“Dearest!” Dave held her away in gentle hands. “I was afraid you’d go to pieces like this, but I had to break through the best way I could. I learned you were here and something about what was going on from the people at the next ranch. But I expected to find him here, too.”
“How did you manage to get here?”
“I hardly know. I just wouldn’t let ’em stop me. This lieutenant wouldn’t let me in until I told him I was from Monterey with important news. I don’t remember all I did tell him. I tried to get here last night, but I had trouble. They caught me, and I had to buy my way through. I’ve bribed and bullied and lied clear from Romero. I reckon they couldn’t imagine I’d risk being here if I wasn’t a friend.”
It was more Dave’s tone than his words that roused Alaire to an appreciation of what he said.
“Are you alone?” she asked, in vague dismay. “Then what are we going to do?”
“I don’t know yet. My plans ended here.”
“Dave! You rode in just to find me! Just to be with me?”
“Yes. And to get him.” Alaire saw his face twitch, and realized that it was very haggard, very old and tired. “They lifted my guns—a bunch of fellows at the Rio Negro crossing. Some of them were drunk and wouldn’t believe I was an amigo. So I finally had to ride for it.”

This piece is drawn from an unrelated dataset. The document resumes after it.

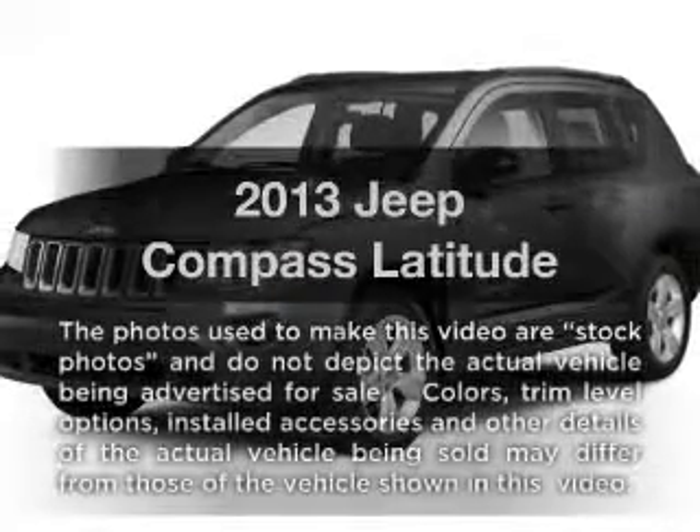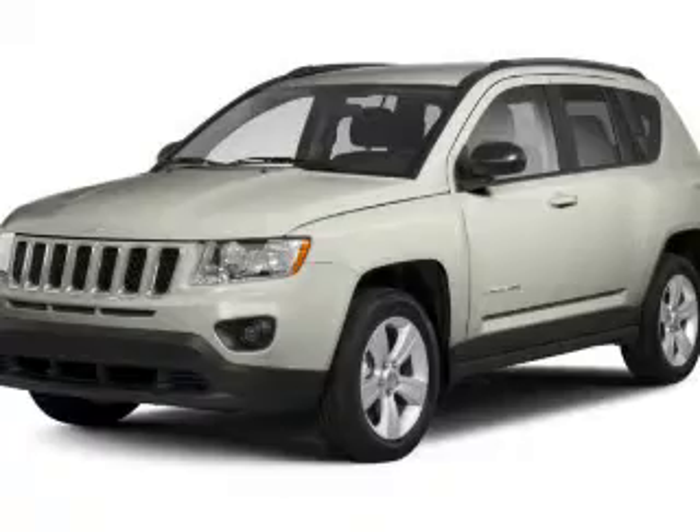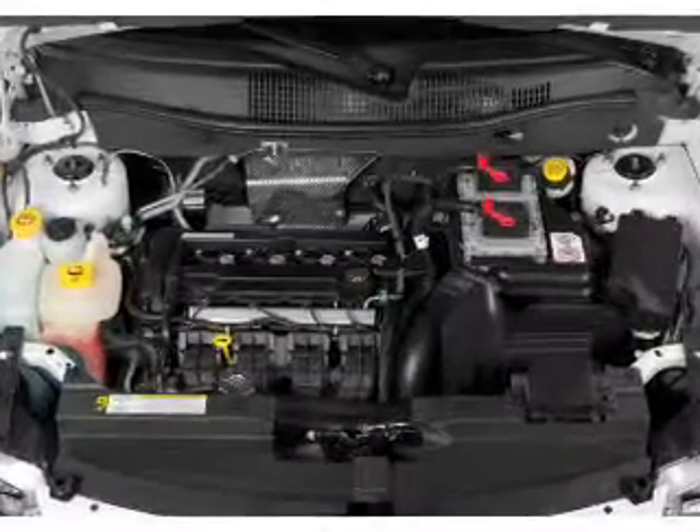Check out this 2013 Jeep Compass. This is the set of wheels you've been looking for, with an efficient four-cylinder engine. The powertrain includes front wheel drive that responds smoothly to its automatic transmission.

“Can’t you take me away?” she asked, faintly. “What will you do when—he comes?”
“I reckon I’ll manage him somehow.” His grip upon her tightened painfully, and she could feel him tremble. “I was afraid I wouldn’t find you. I—O God, Alaire!” He buried his face in her hair.
“I had a terrible scene with him last night. He insists upon marrying me. I—I was hoping you’d come.”
“How could I, when nobody knew where you were?”
“Didn’t you know? I wrote you.” He shook his head. “Then how did you learn?”
“From Jose. I caught him within an hour of the murder, and made him tell me everything.”
Alaire’s eyes dilated; she held herself away, saying, breathlessly: “Murder! Is that what it was? He—Longorio—told me something quite different.”
“Naturally. It was he who hired Jose to do the shooting.”
“Oh-h!” Alaire hid her face in her hands. She looked up again quickly, however, and her cheeks were white. “Then he won’t spare you, Dave.” She choked for an instant. “We must get away before he comes. There must be some way of escape. Think!”
“I’m pretty tired to think. I’m pretty near played out,” he confessed.
“They’re watching me, but they’d let you go.”
“Now that I’m here I’m going to stay until—”
She interrupted, crying his name loudly, “Dave!”
“Yes. What is it?”
“Wait! Let me think.” She closed her eyes; her brows drew together as if in the labor of concentration. When she lifted her lids her eyes were alight, her voice was eager. “I know how. I see it. He won’t dare—But you must do what I tell you.”